Blog Post

FastTrack for Azure
3 MIN READ

How to build an environment when your Azure ML workspace is behind a VNet

hristinajilova's avatar
Dec 20, 2022

Build environment for your experiment when your Azure ML workspace is behind a Vnet

 

We see a common request from our customers to create a ML pipeline using an Azure ML workspace behind a VNet. 
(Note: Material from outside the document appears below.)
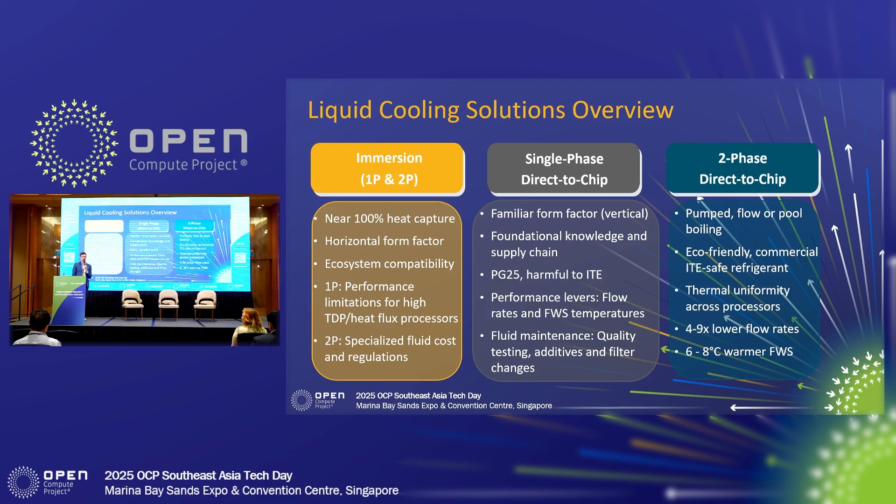A key takeaway: while we are seeing some opportunities for cooling in the market, I don't believe that for these large AI factories, immersion cooling is going to be the technology that wins out. Really, the direct-to-chip technologies are where the industry is headed.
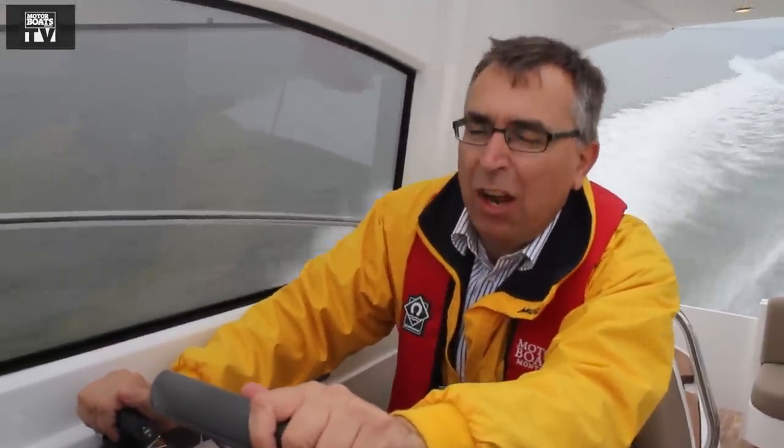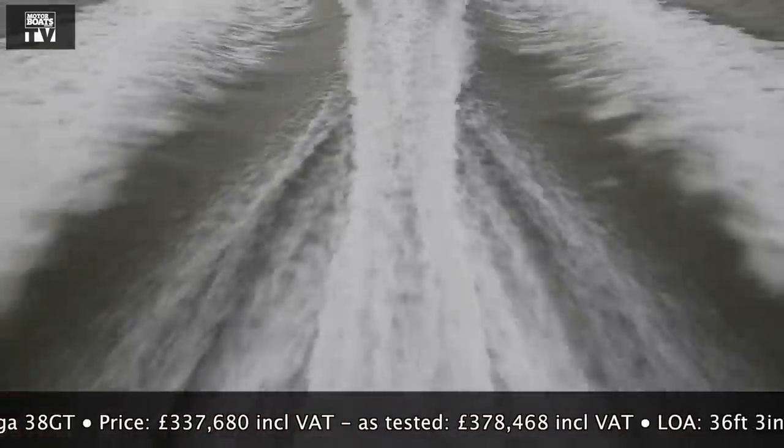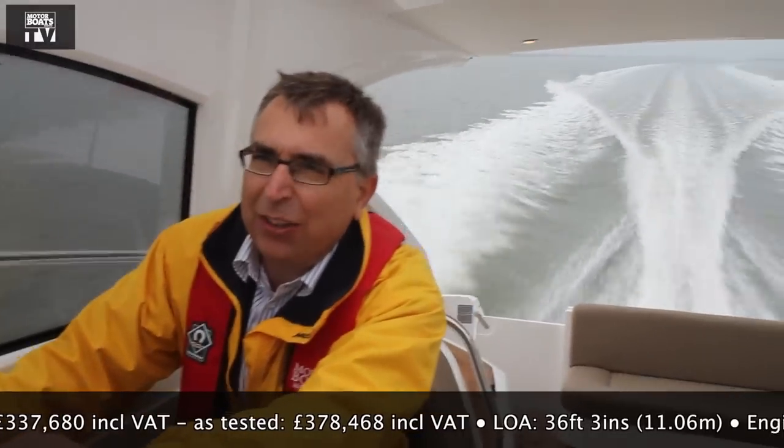They call this boat the GT, which is Gran Turismo — a very overused term, but on this particular craft I think it's about right. You're surrounded by this hardtop, which gives you a lot of protection from the wind. It's got big engines, which means even at speed they're only turning over very gently. At the moment it feels like we're doing 20 knots; in actual fact we're doing 30, and it feels like it would do this all day.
Creating and building environment in a workspace behind a VNet has some specifics and causes questions. The reason is that you cannot build the Docker Image directly on ACR, when the ACR is behind a virtual network

 

In this article you will find the steps that will help you to build your custom environment when you Azure ML workspace is behind a VNet.

Example files: AzureML/CreateEnvBehindVnet at main · HristinaJilova/AzureML (github.com)

1. Prepare the Docker Image Context

  • Create a folder for you docker context called 'DockerContext' (or choose another name)
  • In 'DockerContext' folder create a 'requirements.txt' file that contains your packages:

 

 

 

        openpyxl==3.0.10   
        pyod==1.0.4    
        kaleido==0.2.1  
        plotly==5.10.0    
        pandas==1.1.5    
        numpy==1.21.6    
        seaborn==0.11.2    
        pathlib2==2.3.7.post1    
        matplotlib==3.2.1    
        argparse    

 

 

 

Note: It’s a good practice to fix the versions for your packages. You can find the version with command: pip freeze | grep 'the package name'

 

 

 

        #FROM mcr.microsoft.com/azureml/openmpi3.1.2-ubuntu18.04
        FROM python:3.8

        # python installs
        COPY requirements.txt .
        RUN pip install -r requirements.txt

        # set command
        CMD ["bash"]

 

 

 

 

Option 1:

Configure an AzureML compute cluster to build environments

 

  1. Create an Azure Machine Learning compute cluster (Only a CPU SKU is supported). This cluster will be used to build the docker images when ACR is behind a VNet. For more information, see Create a compute cluster.
  2. Use the az ml workspace update command to set a build compute:

         az ml workspace update --name myworkspace --resource-group myresourcegroup --image-build-compute mycomputecluster

           For reference: Enable Azure Container Registry (ACR)

 

  1. Register the environment:
  • Create an ‘environment.yml’ as in the example file.
  • Open the terminal in the folder where ‘environment.yml’ is located and run the command:

         az ml environment create -f environment.yml

 

  1. Point your job/component environment to the registered environment:

          environment: azureml:mynewenv@latest

 

  1. Run your job and a ‘prepare_image’ job will start to build your image.

 

Option 2:

Build Image locally and push it to ACR with commands:

 

  1. Open terminal in your 'DockerContext' folder
  2. Login to your ACR:

         docker login your-acr-name.azurecr.io

          Note: You will find the username (it's your-acr-name) and the password in the Access keys section of your ACR.

     3.  Build your docker file locally:

     

        docker image build -t your-acr-name.azurecr.io/repo/mynewenv:v1 .

 

  1. Push your image to ACR:

      docker push your-acr-name.azurecr.io/repo/mynewenv:v1

 

  1. Point your job/component environment to the new image:

      image: your-acr-name.azurecr.io/repo/ mynewenv:v1

 

Useful links:

Enterprise security and governance - Azure Machine Learning | Microsoft Learn

Secure workspace resources using virtual networks (VNets) - Azure Machine Learning | Microsoft Learn

Secure an Azure Machine Learning workspace with virtual networks - Azure Machine Learning | Microsoft Learn

About Azure Machine Learning environments - Azure Machine Learning | Microsoft Learn

 azureml-examples/sdk/python/assets/environment at main · Azure/azureml-examples (github.com)

 azureml-examples/cli/assets/environment at main Azure/azureml-examples (github.com)

 chboudry/aml-secure-terraform (github.com)

Updated Dec 16, 2022
Version 1.0
  • neilmca-inc's avatar
    neilmca-inc
    Copper Contributor

    Hi hristinajilova is there a way this works using an attached Kubernetes Cluster for the Compute rather than creating a dedicated Compute Cluster just for building images? Or is it only going to work this way, as detailed above? - Thanks - Neil

  • At the moment, only AzureML Compute of CPU SKUs are supported for the image build target.